Cette hausse soudaine s’explique notamment par l’entrée en vigueur d’une régulation imposée par la Banque Centrale d’Israël, qui cible les prêts dits « ballon » proposés dans les promotions des promoteurs immobiliers. Ces prêts, permettant de repousser le remboursement du capital à la fin de la construction (appelé plus communément prêt infiné ou crédit différé), ont connu une popularité croissante ces dernières années – mais aussi des critiques en raison de leur risque systémique.
La nouvelle réglementation, en vigueur depuis début avril, limite la part de ces prêts à 10 % de l’ensemble des crédits hypothécaires octroyés chaque mois, tout en imposant aux banques des exigences accrues en capital.
L’objectif est clair et affirmé : prévenir les dérives observées dans un marché sous tension, et éviter une dépendance excessive à des outils de financement jugés instables, autant pour les ménages que pour les promoteurs.
Cette mesure a suscité un véritable réflexe d’urgence : les ménages, tout comme les entrepreneurs, ont cherché à conclure rapidement leurs transactions avant la fermeture de la « fenêtre de tir ».
Certains promoteurs ont même incité leurs clients à anticiper leurs paiements sur des contrats déjà signés, pour éviter des difficultés de trésorerie liées aux nouvelles contraintes de financement. Ces avances de fonds sont comptabilisées par la Banque Centrale d’Israël comme de nouveaux prêts hypothécaires, contribuant mécaniquement à la flambée observée.
Le montant total des prêts ballon a ainsi grimpé à 1,5 milliard de shekels en mars, contre 964 millions un an plus tôt. Bien que leur part dans l’ensemble des crédits ait légèrement reculé (16,2 % contre 17,2 % en février), le volume reste historiquement élevé. Il est probable qu’une fraction importante de ces prêts ait été contractée dans le cadre des offres de promoteurs – désormais limitées par la régulation.
Ces prêts ballon, aussi appelés « offres 80/20 », permettent aux acheteurs de ne verser que 20 % du montant lors de la signature, le solde étant payé à la remise des clés. Durant l’intervalle, le promoteur prend généralement à sa charge les intérêts du crédit contracté.
Ce modèle, attrayant en période de taux bas ou de forte demande, repose cependant sur des hypothèses optimistes : hausse continue des prix de l’immobilier, vente rapide de l’ancien bien, ou encore refinancement à des conditions favorables…autant de scénarios devenus plus incertains dans le contexte économique actuel.

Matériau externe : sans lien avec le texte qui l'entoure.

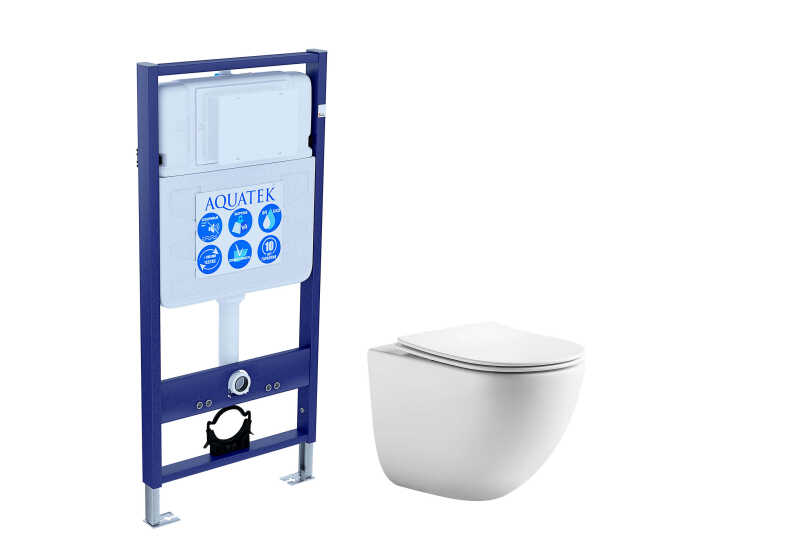 (рама AQUATEK Standard INS-0000012+унитаз AQ1993T-00 ГЕЛИОС + с тонким сиденьем soft-close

Face à ces risques, la Banque Centrale d’Israël a choisi de jouer la carte de la prudence. Une décision saluée par une partie du secteur financier, qui y voit un moyen de renforcer la résilience du marché immobilier, tout en incitant les acteurs à adopter des pratiques de financement plus durables.
Parallèlement, l’on observe également une préférence croissante pour les emprunts à taux fixe non indexés à l’inflation : plus de 80 % des prêts hypothécaires souscrits en mars relevaient de ces formules, signe d’une volonté des emprunteurs de garantir la stabilité de leurs remboursements dans un environnement marqué par la volatilité des taux.

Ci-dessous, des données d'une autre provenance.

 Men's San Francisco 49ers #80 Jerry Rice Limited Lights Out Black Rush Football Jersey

En résumé, cette poussée soudaine des prêts immobiliers est autant le reflet d’un changement réglementaire que d’un ajustement stratégique des ménages et des promoteurs, soucieux d’optimiser leurs positions avant que le vent ne tourne.
Le second trimestre pourrait ainsi offrir un tout autre visage, alors que les effets de la régulation commencent à se faire sentir.